A movie lover, my Dad brought me to countless movies. We often went to see old movies on the UC Davis campus, including what could be my all-time favorite, Singing in the Rain. He and I share a love of old movies. The romance, the pacing, the double entendre, the dancing, the music, the lighting, the restrained passion, the silences that speak so loudly. One summer, my Dad and I drove across the country from California to my home in Madison, WI. It was about 150 degrees in Las Vegas, so we stopped and took in a matinee double feature.

I could go on for days and days. But mostly, I just want to acknowledge and thank my Dad for bringing music, art, movies, books and dance into my life.

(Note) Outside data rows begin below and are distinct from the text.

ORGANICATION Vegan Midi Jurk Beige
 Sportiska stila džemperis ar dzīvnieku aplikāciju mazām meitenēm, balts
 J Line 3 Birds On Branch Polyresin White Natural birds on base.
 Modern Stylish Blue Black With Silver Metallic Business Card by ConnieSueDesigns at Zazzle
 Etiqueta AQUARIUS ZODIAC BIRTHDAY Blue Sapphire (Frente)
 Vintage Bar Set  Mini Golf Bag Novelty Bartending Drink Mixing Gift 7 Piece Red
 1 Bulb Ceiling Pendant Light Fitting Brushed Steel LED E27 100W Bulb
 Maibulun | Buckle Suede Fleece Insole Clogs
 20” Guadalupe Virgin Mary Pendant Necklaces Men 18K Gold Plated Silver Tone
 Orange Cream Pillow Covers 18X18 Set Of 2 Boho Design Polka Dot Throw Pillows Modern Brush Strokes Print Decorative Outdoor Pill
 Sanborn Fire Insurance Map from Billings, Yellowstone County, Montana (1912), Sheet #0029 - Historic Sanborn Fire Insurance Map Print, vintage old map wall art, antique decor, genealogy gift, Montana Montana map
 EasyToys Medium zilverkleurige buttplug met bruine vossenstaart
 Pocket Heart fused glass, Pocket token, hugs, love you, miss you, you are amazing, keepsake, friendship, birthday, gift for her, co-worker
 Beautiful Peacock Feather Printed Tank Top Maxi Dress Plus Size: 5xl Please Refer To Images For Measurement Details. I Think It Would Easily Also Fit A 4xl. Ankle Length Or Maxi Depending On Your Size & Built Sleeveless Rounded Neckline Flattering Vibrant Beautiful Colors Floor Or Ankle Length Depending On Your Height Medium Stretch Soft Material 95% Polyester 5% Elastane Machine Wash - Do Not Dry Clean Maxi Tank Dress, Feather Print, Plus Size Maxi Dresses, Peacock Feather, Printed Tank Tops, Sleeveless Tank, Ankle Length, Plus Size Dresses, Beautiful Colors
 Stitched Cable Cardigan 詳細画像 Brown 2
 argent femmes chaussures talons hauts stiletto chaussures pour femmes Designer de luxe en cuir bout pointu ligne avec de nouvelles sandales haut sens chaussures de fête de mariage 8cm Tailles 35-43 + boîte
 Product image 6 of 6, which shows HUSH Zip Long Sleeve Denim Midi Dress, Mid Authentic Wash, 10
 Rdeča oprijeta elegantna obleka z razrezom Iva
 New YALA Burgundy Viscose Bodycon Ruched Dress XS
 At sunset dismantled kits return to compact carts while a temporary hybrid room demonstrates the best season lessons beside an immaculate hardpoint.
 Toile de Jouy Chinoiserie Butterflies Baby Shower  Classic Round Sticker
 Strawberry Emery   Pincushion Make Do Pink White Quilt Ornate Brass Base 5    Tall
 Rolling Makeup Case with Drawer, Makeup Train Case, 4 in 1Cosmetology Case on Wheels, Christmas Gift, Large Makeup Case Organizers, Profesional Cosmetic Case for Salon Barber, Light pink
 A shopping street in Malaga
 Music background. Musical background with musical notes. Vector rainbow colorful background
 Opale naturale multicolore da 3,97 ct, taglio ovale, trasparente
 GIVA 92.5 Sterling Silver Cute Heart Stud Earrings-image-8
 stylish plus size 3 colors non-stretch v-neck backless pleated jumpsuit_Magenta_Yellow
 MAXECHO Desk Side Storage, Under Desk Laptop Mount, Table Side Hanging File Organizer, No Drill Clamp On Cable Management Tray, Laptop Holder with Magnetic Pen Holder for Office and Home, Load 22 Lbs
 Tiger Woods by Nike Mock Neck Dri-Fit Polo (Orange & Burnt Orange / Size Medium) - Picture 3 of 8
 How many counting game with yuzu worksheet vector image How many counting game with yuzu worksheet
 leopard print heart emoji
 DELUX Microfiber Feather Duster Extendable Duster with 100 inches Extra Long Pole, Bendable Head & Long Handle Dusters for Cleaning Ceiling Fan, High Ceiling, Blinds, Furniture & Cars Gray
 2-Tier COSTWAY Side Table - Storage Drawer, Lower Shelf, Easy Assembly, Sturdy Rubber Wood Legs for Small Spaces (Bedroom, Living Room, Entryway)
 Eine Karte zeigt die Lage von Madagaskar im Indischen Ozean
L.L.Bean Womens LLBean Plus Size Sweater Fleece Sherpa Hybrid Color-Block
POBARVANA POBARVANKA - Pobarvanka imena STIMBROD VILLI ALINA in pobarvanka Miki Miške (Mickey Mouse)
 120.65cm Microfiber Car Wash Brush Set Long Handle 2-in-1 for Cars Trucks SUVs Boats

My Dad walking me down the aisle.

My Dad walking me down the aisle.

What gifts have your parents given you?

xox

A few links I hope you enjoy:

There are few moments in film, or dance or music more thrilling to me than the moment at the 1:43 minute marker where Gene Kelly pulls Cyd Charisse into his arms in Singing in the Rain. Smoking hot. Watch it at your own risk.

My husband doesn’t get it, but like I said, I spend hours watching old movies. And, it blows me away how relevant they are today. Watch Joan Blondell and Etta Moten sing “Remember My Forgotten Man,” in Busby Berkeley’s (who was a former WWI artillery lieutenant) 1933 pre-code movie, Gold Diggers. The movie is about the depression, and was made during the depression. Timeless.

Given this post’s focus on art, I shouldn’t include this link to one of my guilty pleasures – Project Runway – but I love watching creative people design gorgeous fashion out of thin air. I could certainly do with out all the fighting and bickering and would love the show to focus more on the creativity and artistry, but the DVR helps me fast forward over all the dumb parts.